A sua afirmação é surpreendente, precisamente porque a gestão das empresas apoia-se muito nessas teorias (embora também noutras, não do domínio puramente económico, quando se trata, por exemplo, de gerir os recursos humanos). De resto, o que serve para explicar tem de servir também para gerir (prever e prospectivar) ou então não explica nada, é apenas "storytelling".

Se quer dizer que os modelos matemáticos usados na academia para explicitar as teorias que referiu não são utilizados pelos empresários (maximização do lucro e da utilidade, por exemplo, ou determinação de preços de equilíbrio) estaria de acordo.

No entanto, a fundamentação teórica do agente maximizador de utilidade é certamente usada pelos gestores. Quando se remuneram os quadros com participações na empresa, stock options, etc, não se está a fazer outra coisa, e a fazê-lo conscientemente.

A análise "a la Becker" com que iniciou o post está inteligentemente formulada e creio que poderia ter sido levado até ao fim; a teoria microeconómica não é nenhuma religião, não serve para "reorganizar" a sociedade (dada a complexidade em causa) mas é um instrumento útil para compreender o comportamento, não só dos agentes económicos como de outras organizações, tal como os partidos.

Emoção e razão: uma excelente dicotomia para integrar essa análise, mas aqui ter-se-ia, talvez, que recorrer a António Damásio e à racionalidade limitada.

Publicado por: Joao Aldeia às abril 11, 2005 09:27 AM

"Explica-o, não apenas pelo refinamento dos modelos, como pela leitura inteligente que se deve fazer deles."
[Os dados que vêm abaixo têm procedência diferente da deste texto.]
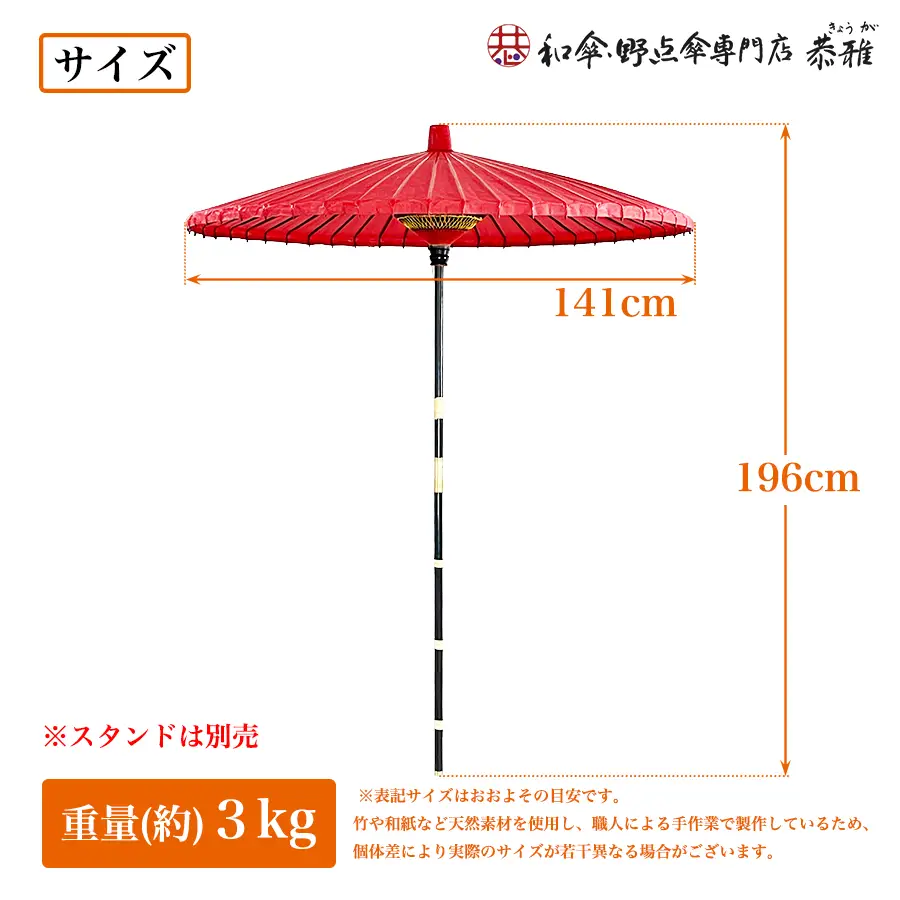 番傘　唐傘　和傘　野点傘　展示用 番傘 唐傘 和傘 野点傘 展示用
Joana, esta forma elegante como você sai da contradição que você própria acabou de expôr, faz lembrar os teólogos que disputam entre si a "leitura (mais) inteligente" dos livros sagrados.

Não há leituras inteligentes. O que está escrito, está escrito.

Publicado por: Luís Lavoura às abril 11, 2005 09:33 AM

Os modelos microeconómicos são, pela natureza das coisas (há dezenas de milhões de agentes económicos e haverá milhares de possibilidades de decisões diferentes) aproximados à realidade. Portanto, quando se analisa um modelo deve ter o necessário cuidado de o compaginar com uma realidade frequentemente complexa e mutável.
É isso que se deve fazer ... e muitas vezes não se acerta.
É mais difícil acertar na Economia que na Meteorologia, dado que indiv´duos e observações a analisar teriam que ser milhares de vezes superiores no 1º caso.